Little do you know that the company you’re blasting in your tweet most likely doesn’t care much. In fact, the company will probably go on with its day and ignore your complaint altogether. Don’t believe us? New research has unfortunately proven this to be true. After analyzing and tracking over 1,200 Twitter complaints, research firms Maritz and Evolve24 found that only 29 percent of those complaints were replied to by the companies that were under fire. This represents 70 percent of companies who ignore their customers’ Twitter complaints.
Understandably, you’re also one of the 90 percent of consumers who trust peer recommendations as opposed to advertisements, which means your extensive social media network is now getting a raw glimpse of your company’s apparent inadequacies.

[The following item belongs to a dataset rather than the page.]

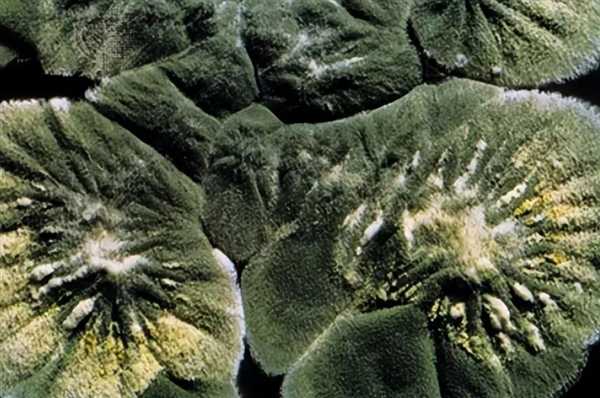 下一种抗生素可能已经毫无用处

You need to stand apart from your competition, and right now, this boils down to straightening out your social media etiquette. Today’s advanced call center software keeps you in the successful 30 percent by not only capturing relevant information to maximize customer-to-agent connectivity, but by enabling you to identify certain terms, company handles and more. By queuing any mention of a verbal string (for example, “I was unsatisfied with that customer service”) you’ll proactively and immediately bolster agent connectivity – whether it’s a compliment or complaint.